Assignment 4 — Visual SLAM

Introduction

Visual SLAM (Simultaneous Localization and Mapping) combines visual feature detection and tracking with pose graph optimization to simultaneously build a map of the environment and estimate the camera’s trajectory within it. VSLAM is particularly useful in GPS-denied environments such as indoor spaces, tunnels, and dense urban areas.

Prerequisites

Docker installed on your workstation
A webcam or USB camera
Familiarity with ORB features and camera geometry

Task 1: Understand VSLAM from first principles

To fully understand how VSLAM works under the hood, follow the two lecture videos below and implement a VSLAM pipeline in Python. You may use any combination of OpenCV, PyTorch, RVC3-Python, or FilterPy.

Your implementation should demonstrate:

ORB (or similar) feature detection and matching
Essential matrix estimation and decomposition
Triangulation of 3D landmarks
Camera trajectory estimation

Use the KITTI odometry dataset for evaluation, available here. Compare your estimated trajectory against the ground truth.

You may alternatively work with the Python bindings of StellaVSLAM, but you must understand the associated C++ code and document what each called C++ function does in your report.

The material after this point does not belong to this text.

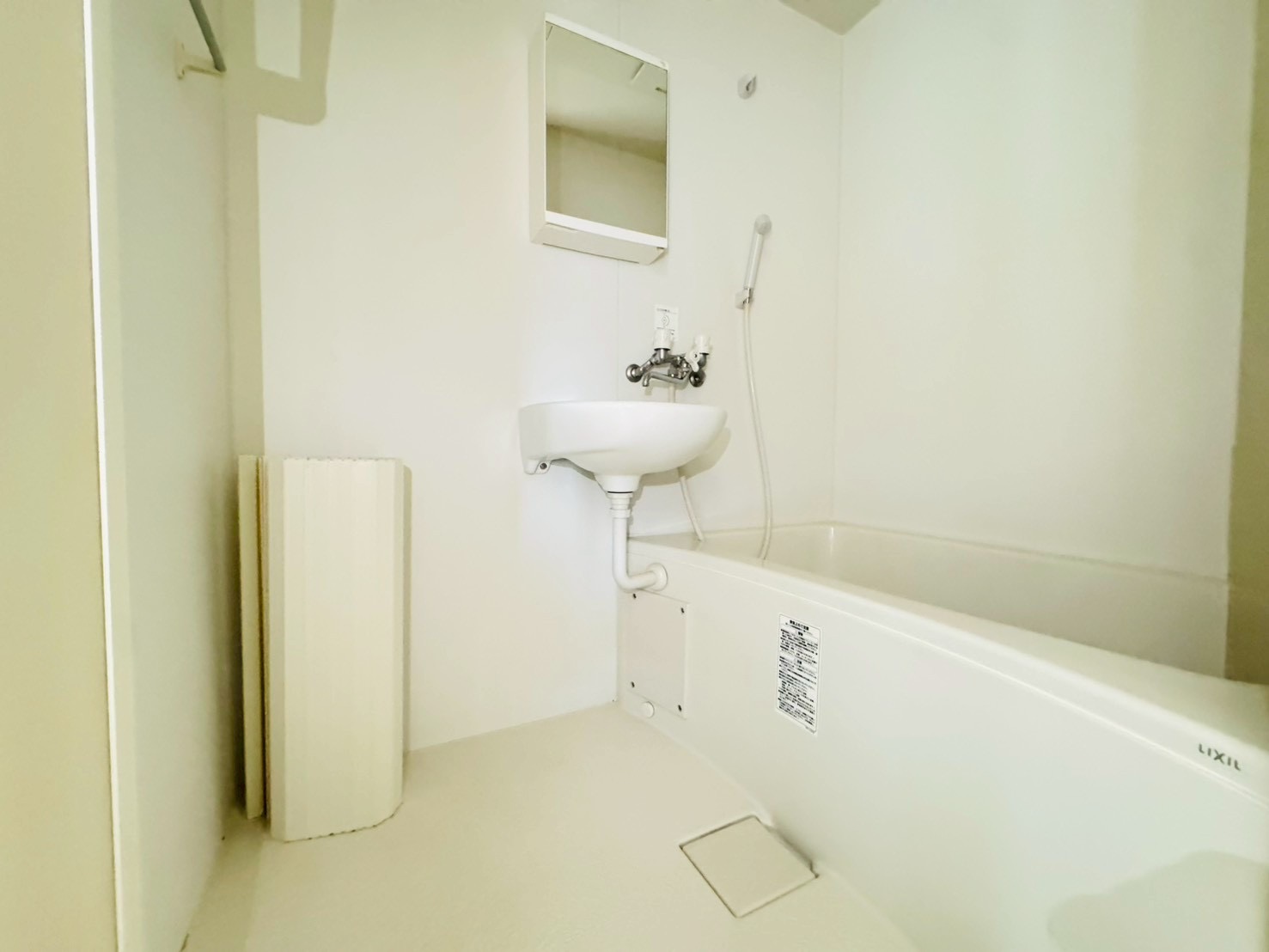 バス・シャワールーム　使いやすいお風呂ですね♪（退去前の為別部屋の写真を使用してお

Task 2: VSLAM on your own indoor space

StellaVSLAM is a maintained fork of OpenVSLAM — a flexible visual SLAM system that supports monocular, stereo, and RGB-D inputs. It uses ORB (Oriented FAST and Rotated BRIEF) features to detect, track, and map the environment in 3D. First, validate your setup by running the Equirectangular Datasets example with the aist_living_lab_1 video following the Docker instructions. The video below shows the expected end result:

Then run VSLAM on your own space:

Record a video of your own indoor space (room, dorm, lab) using your laptop webcam or a USB camera. Walk slowly, covering the space from multiple viewpoints.
Follow these instructions for UVC cameras to run StellaVSLAM on your video.
Create a camera configuration YAML file using calibration parameters from the Camera Calibration lecture. Use example/aist/equirectangular.yaml as a template, replacing the camera matrix and distortion coefficients with your own values.
Publish a demo video on your YouTube channel explaining and showcasing the reconstruction of your space.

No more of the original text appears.